→ **Collected material**

== == ==

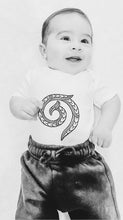 Load image into Gallery viewer, Māpihi &amp; Co. Onesie
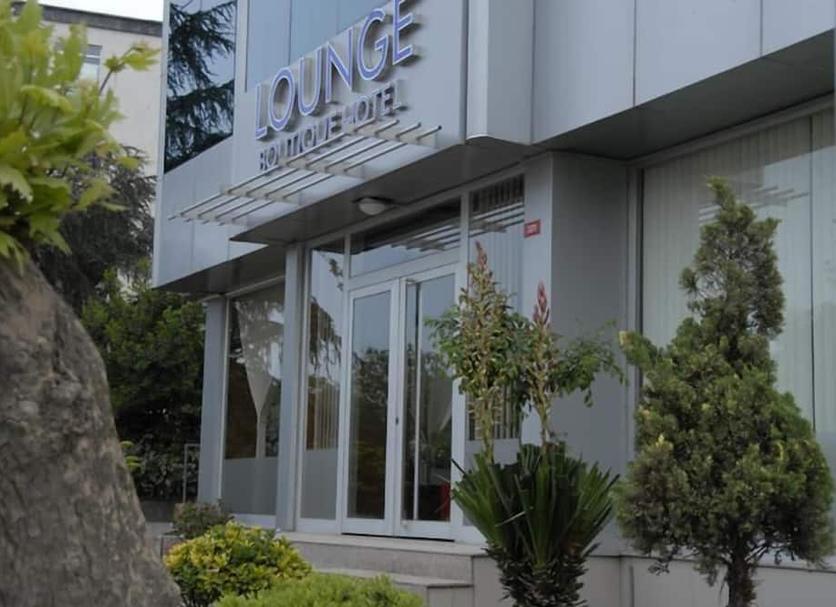Edifício Foto
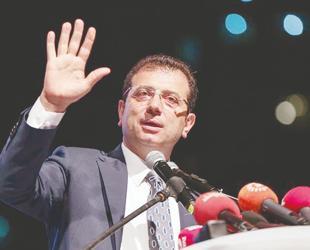 İmamoğlu resigns from CHP, backs New Party
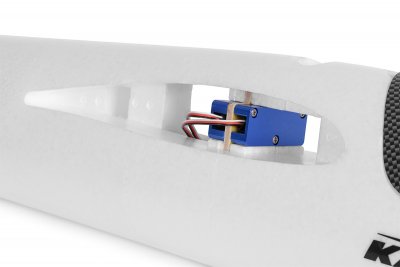 KAVAN Pulse 2200 ARF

== == ==

→ **What you have to do**
Once the pictures are set aside, restate the remaining data above exactly.

→ **Answer to this exercise**
 Load image into Gallery viewer, Māpihi &amp; Co. Onesie
Edifício Foto
 İmamoğlu resigns from CHP, backs New Party
 KAVAN Pulse 2200 ARF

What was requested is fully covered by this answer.